Haiti in crisis as protesters prevent election

ABLAZE: A protester reacts in front of a pile of burning tires during a demonstration as thousands of protesters took to the streets of Port-au-Prince, Haiti, 23 January 2016. Gun shots were heard and tear gas was shot by riot police as protesters threw stones at the police and set tires on fire. The demonstrations continued despite the fact that Haitian officials have cancelled the presidential run-off election scheduled for 24 January, just days ahead of the vote
ABLAZE: A protester reacts in front of a pile of burning tires during a demonstration as thousands of protesters took to the streets of Port-au-Prince, Haiti, 23 January 2016. Gun shots were heard and tear gas was shot by riot police as protesters threw stones at the police and set tires on fire. The demonstrations continued despite the fact that Haitian officials have cancelled the presidential run-off election scheduled for 24 January, just days ahead of the vote
Stone-throwing protesters stoked Haiti’s political crisis on Saturday, a day after they forced the Caribbean nation to call off a presidential election and despite calls for consensus from global powers.

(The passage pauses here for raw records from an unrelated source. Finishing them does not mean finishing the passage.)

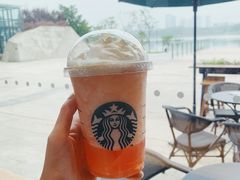 -星巴克(成都科学城店)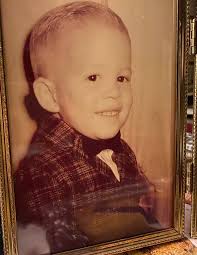 Don Caviness. Michael Chandler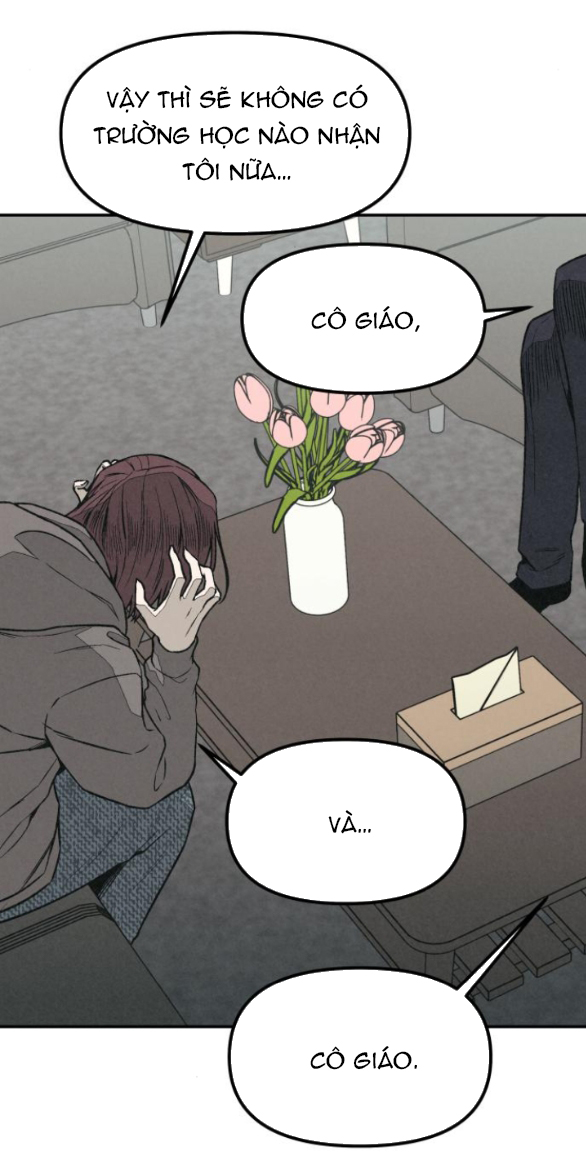 vì tôi đã giết người chapter 6.1 19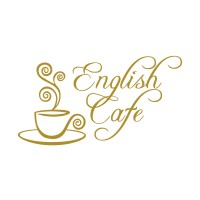 Kursus Bahasa Inggris Bali - English Cafe logo - Similar company to Digitademy • Digital Marketing Academy • Kursus Online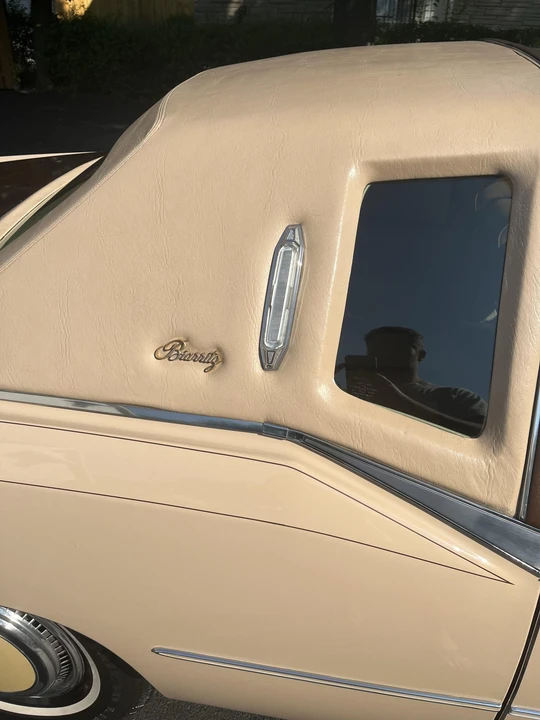 1978 Cadillac Eldorado 9th Gen - Image 16 of 31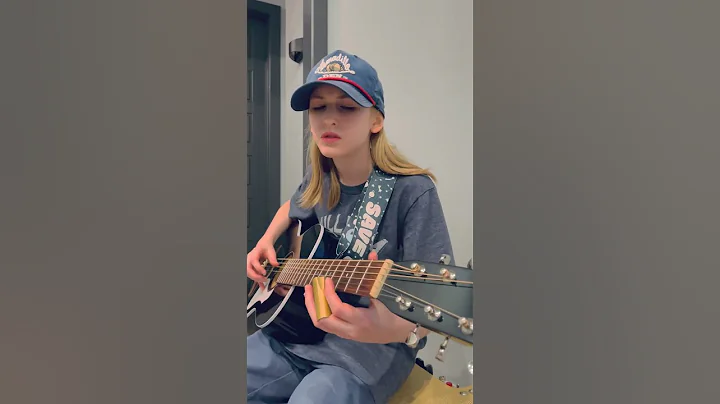 Jack Barksdale - A little piece of my song "Before...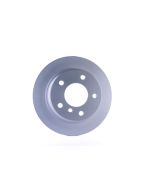 Hella 8DD355104821 Brake Disc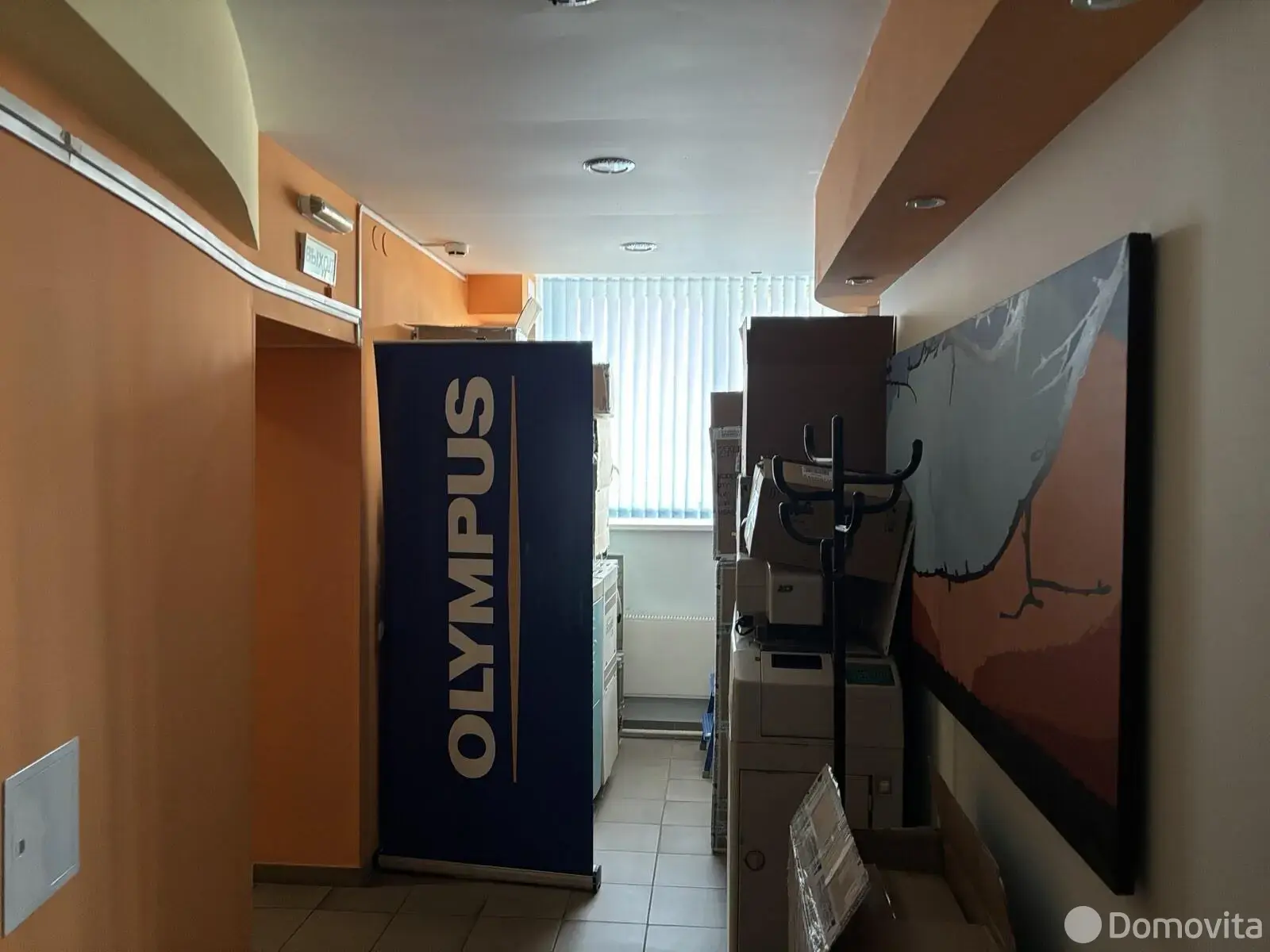 продажа торгового объекта, Минск, ул. Калиновского, д. 101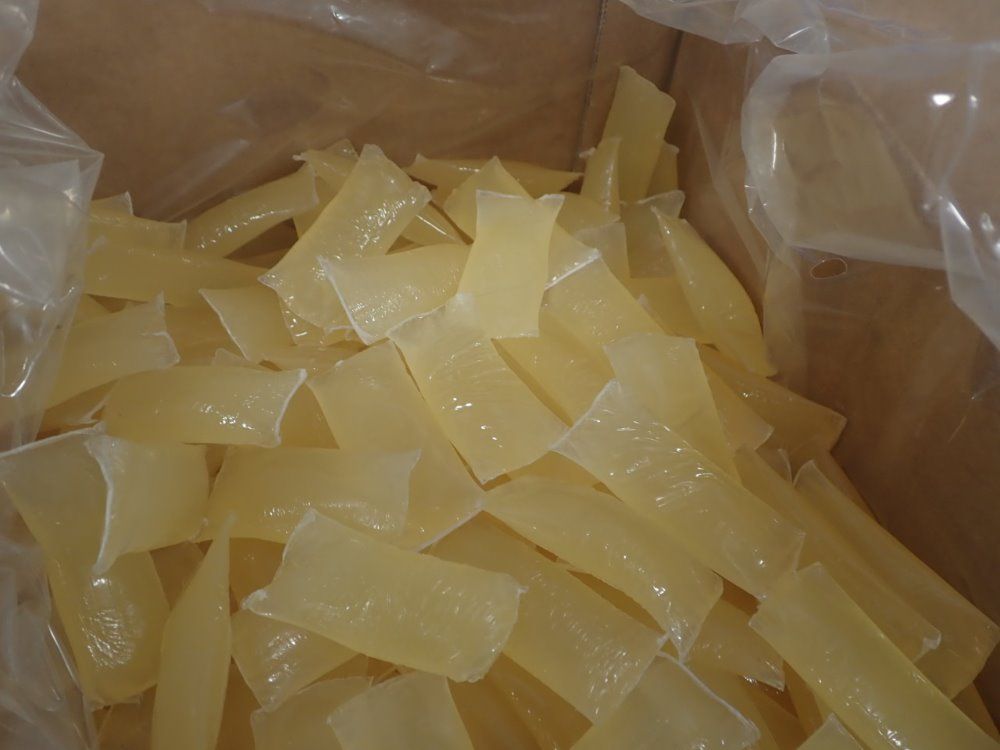 Buhnen Hot Melt Adhesive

Haiti was due to choose a replacement for President Michel Martelly in a run-off vote yesterday, but the two-man race was postponed indefinitely after opposition candidate Jude Celestin refused to participate citing alleged fraud, a move that led to anti-government protests and violence nationally.

Martelly says the fraud claims are unfounded but critics believe he unfairly favoured his chosen successor, banana exporter Jovenel Moise, and some are demanding that Haiti, the poorest country in the Western hemisphere, start its $100-million (R1.6-billion) election again from scratch.

Striking a defiant note, Moise criticised the election council for postponing a vote he was confident of winning, and said he was ready to stand whenever a new date was set.

The United Nations joined the United States and other major powers that had supported the election in denouncing the violence and called for a negotiated solution that leads to a new vote.

About a thousand protesters snaked through the capital Port-au-Prince’s downtown, a district still largely in ruins after a devastating 2010 earthquake.

Soldiers from Haiti’s UN peacekeeping mission patrolled the streets.

Martelly is due to leave office in two weeks and Haiti may need an interim body to see the country through to the next election, but he and different opposition leaders will struggle to agree on the contours of such an administration.

Haiti has been unable to build a stable democracy since the overthrow of the 1957-1986 dictatorship of the Duvalier family and ensuing military coups and election fraud.

The protestors, from the capital’s poorest neighbourhoods, deeply oppose Martelly’s business-friendly reign, which they say was artificially propped-up by foreign powers.

Protest leader Volcy Assad’s Platform Pitit Dessalines party and others with links to former President Jean-Bertrand Aristide’s left-wing movement are prepared to see both rounds of the election annulled, giving themselves another shot at the presidency.

Second-place Celestin, on the other hand, is likely to want to maintain his advantage and quickly organise a clean runoff vote.

UN Secretary General Ban Ki-moon condemned this weeks’ violence and was concerned by the delay to the election.